Жорж Пере́к (фр. Georges Perec 1936-1982)
 
     Это вымышленное парижское здание раскладывается на сто помещений, каждое из которых подробнейшим образом описано. Каждому из помещений посвящена отдельная глава, и все вместе они составляют гигантский роман («романы» – заявлено в подзаголовке) под названием «Жизнь способ употребления» (1978). В этом произведении, создававшемся около десяти лет (1969 - 1978), рассказаны истории 1467 персонажей; причем события, его наполняющие, были предопределены автором с самого начала: «переход из одного помещения в другое осуществляется по принципу шахматной “задачи о ходе коня”»[14]. То есть хаотичное на первый взгляд блуждание по дому, растекающееся на множество отдельных историй, которые дробятся на другие истории, et cetera [одним из повторяющихся в книге мотивов является, к слову, mise-en-abime (буквально – сталкивание в пропасть) – способ изображения, который заключается в том, что его (изображения) часть воспроизводит целое, тогда как часть этой уменьшенной версии целого снова воспроизводит последнее – и так до бесконечности; вот как это представлено в главе пятьдесят первой с подзаголовком «Вален (комнаты для прислуги, 9)»:
«На картине он был бы изображен сам, почти наверху справа, как внимательный паучок, сплетающий мерцающую сеть, он стоял бы в своей комнате возле своей картины, с палитрой в руке, в своей длинной серой блузе, перепачканной красками, и фиолетовом шарфе.
Он стоял бы возле своей почти законченной картины и как раз рисовал бы самого себя, выписывая концом кисти крохотный силуэт художника в длинной серой блузе и фиолетовом шарфе с палитрой в руке, рисующего микроскопическую фигурку рисующего художника: еще одна из тех картинок mise-en-abime, которые он хотел бы продолжать до бесконечности, как если бы могущество его глаз и его руки было беспредельным.
Он рисовал бы самого себя, рисующего самого себя, а вокруг него, на большом квадратном холсте, все было бы уже на месте (далее следует описание помещений дома №11). <…> А вокруг – целая когорта персонажей со своими историями, своим прошлым, своими легендами…»[15]
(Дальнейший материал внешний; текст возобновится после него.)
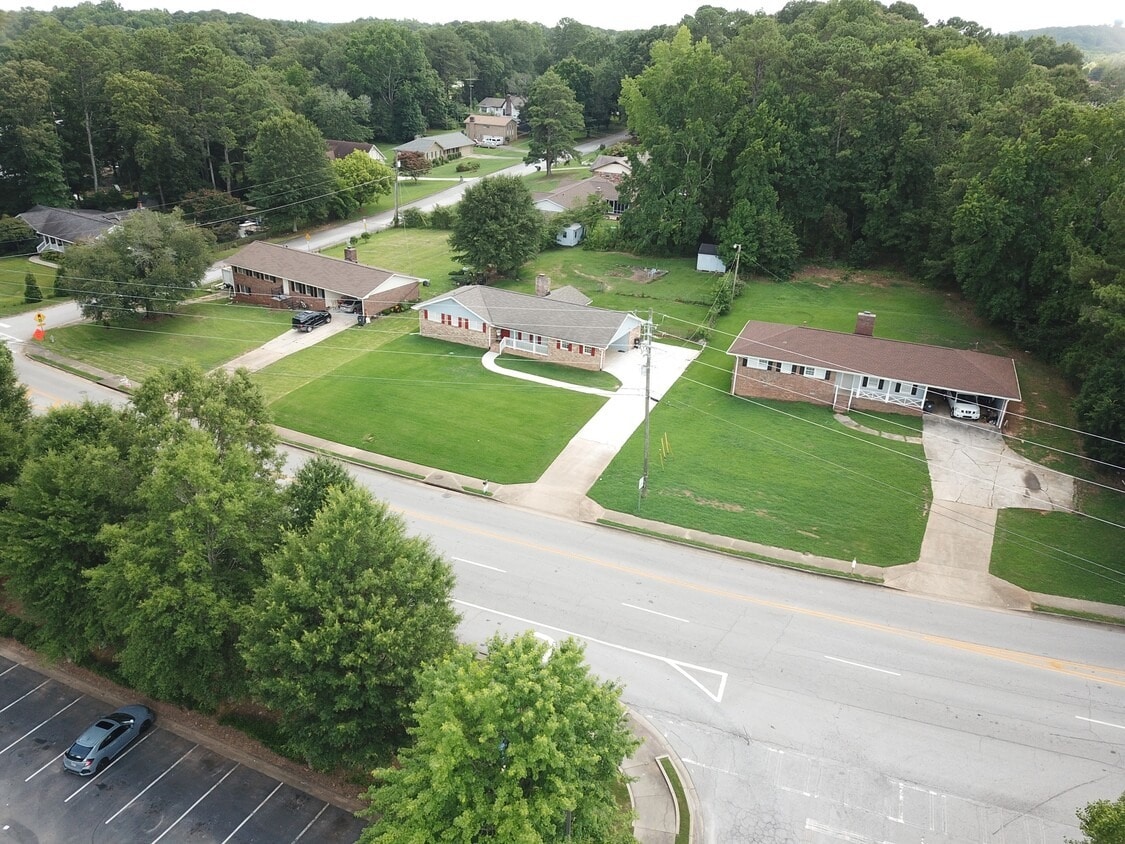 2260 Pinehurst Rd, Snellville, GA à vendre Photo principale– Image 1 sur 5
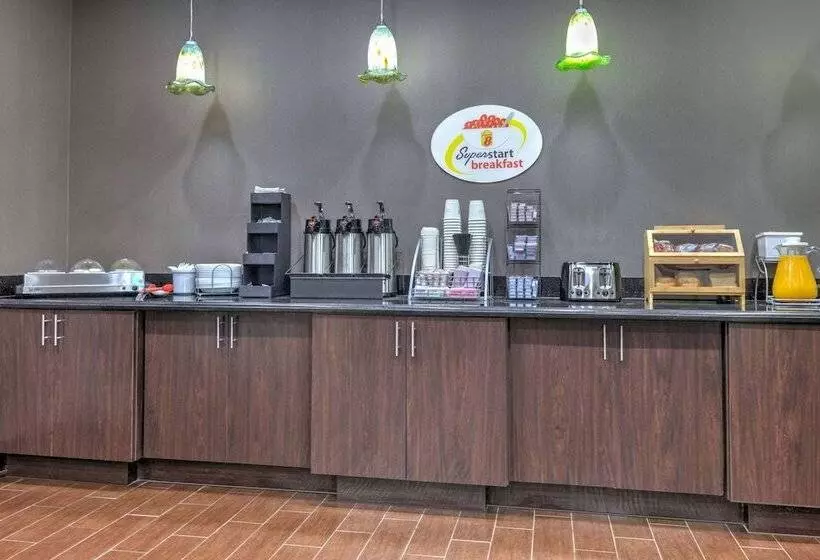 Motel Super 8 By Wyndham Karnes City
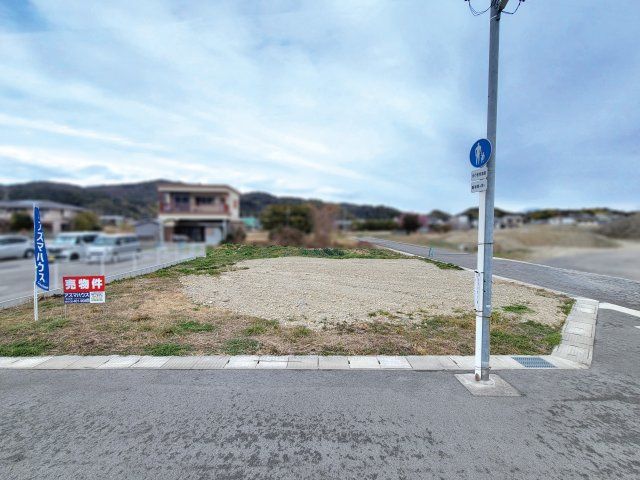 Vacant Land for Sale in Kainan, Wakayama - 257sqm Near JR Station - Thumbnail 2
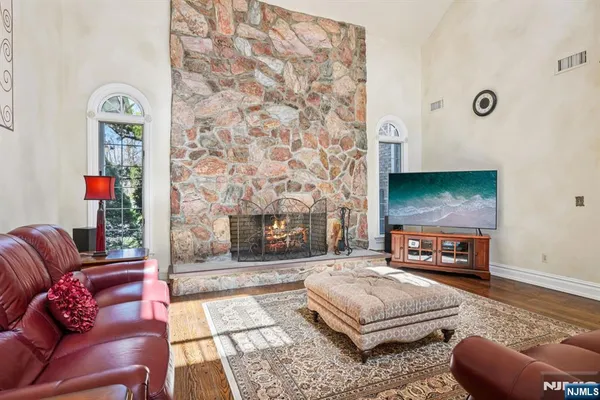 $2,565,000 | 416 Devonshire Drive, Franklin Lakes, NJ 07417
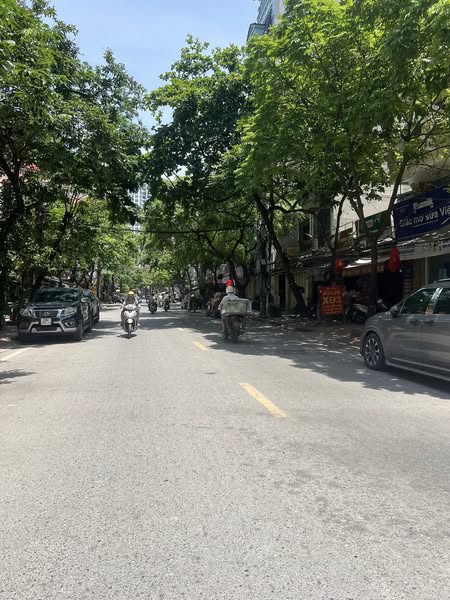 BÁN NHÀ NGOẠI GIAO ĐOÀN - 6 TẦNG THANG MÁY - NHÀ MỚI 100% - GẦN Ô TÔ TRÁNH - NHỈNH 7 TỶ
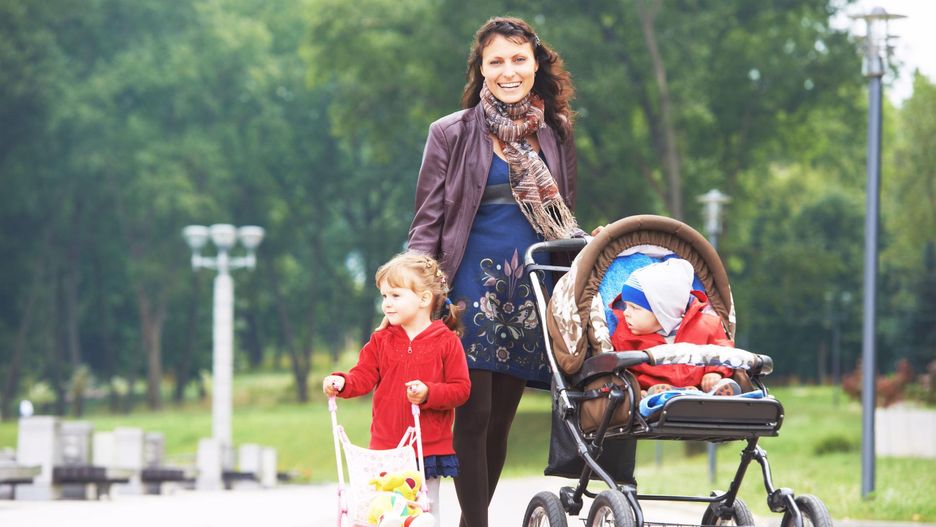 Dziecko w wózku wielofunkcyjnym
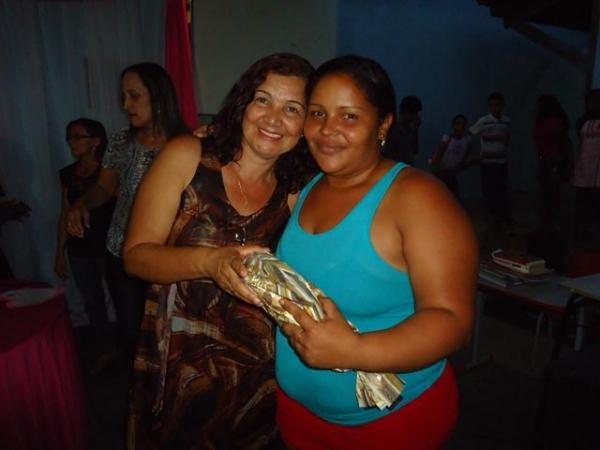 Escola Municipal Santa Catarina realizou Homenagem as Mães - Imagem 8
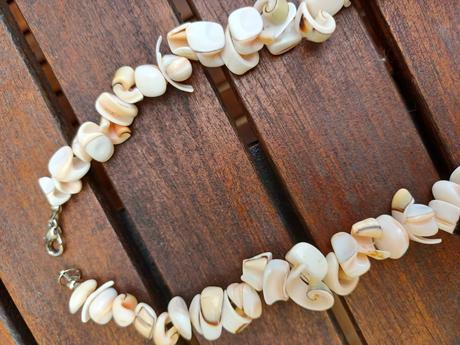 Náhrdelník z mušlí,
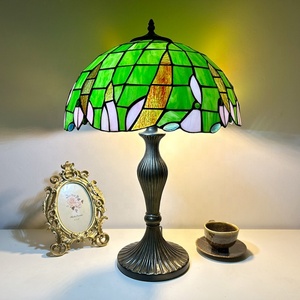Lámpara de Mesa LED LongHuiJing de 16 Pulgadas, Estilo Mediterráneo, Diseño Simple de Cúpula de Vidrio, Hoja Verde, para Sala de Estar - Product Image 3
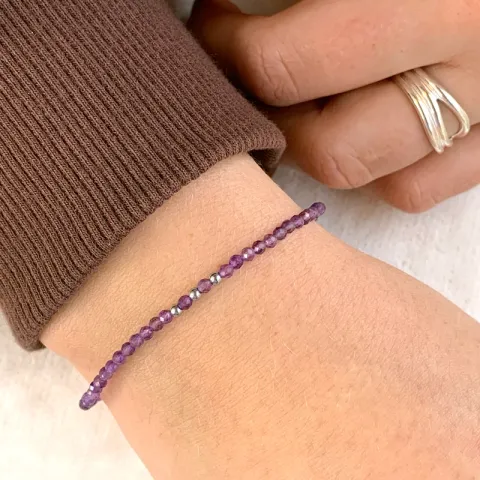 Elegant armbånd med ametyst og hematite.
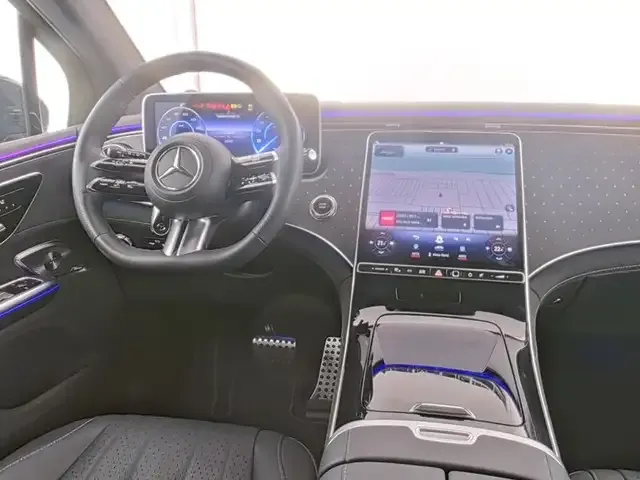 Mercedes-Benz EQE SUV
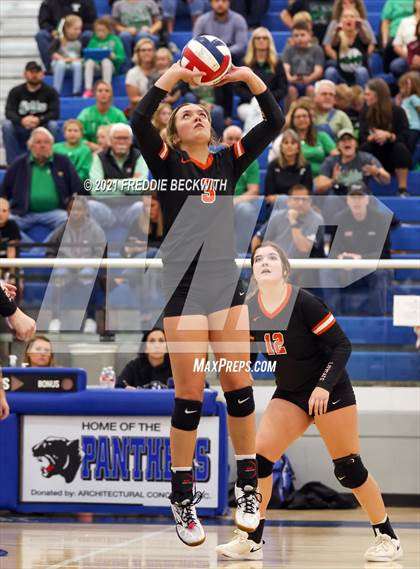 Thumbnail 1 in Tom Bean vs. Tioga (UIL 2A Regional Quarterfinal) photogallery.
     Несложно догадаться, что в этом образе художника Сержа Валена, задавшегося целью изобразить себя, изображающего себя, изображающего, … на картине, воссоздающей детальным образом облик дома и его обитателей, читателю представлена развернутая метафора замысла книги самого Жоржа Перека, воплощением которого и стал роман «Жизнь способ употребления», где на «квадратном холсте», то есть – огромной повествовательной шахматной доске, - писатель выстраивает комплексный портрет жилого дома со всеми историями всех героев и предметов, что его наполняют], путешествие по сменяющим друг друга биографиям, распыляющее привычную повествовательную форму, на деле представляет собой тщательно спланированный (как выяснилось после публикации черновиков) роман-пазл (о чем см. дальше), огромное игровое пространство загадок и отгадок, в поиск которых вовлечены многие из перековских героев. Если вспомнить все их нереализованные проекты, – отмечает переводчик «Жизни» В. М. Кислов, - «перед нами предстанет безжалостный отчет об упущенных возможностях, утраченных иллюзиях и разбитых судьбах»[16]. Читать роман можно и полностью – от начала до конца, и как совокупность отдельных историй; сам  же автор этого причудливого шедевра считал, что для начала книгу нужно прочесть обычным способом, поскольку через весь роман проходит история персонажа по имени Бартлбут, которую – как, впрочем, и замысел mise-en-abime портрета художника Валена, – можно считать метафорой как изображенного в «Жизни способе употребления» дома, так и самого произведения Перека.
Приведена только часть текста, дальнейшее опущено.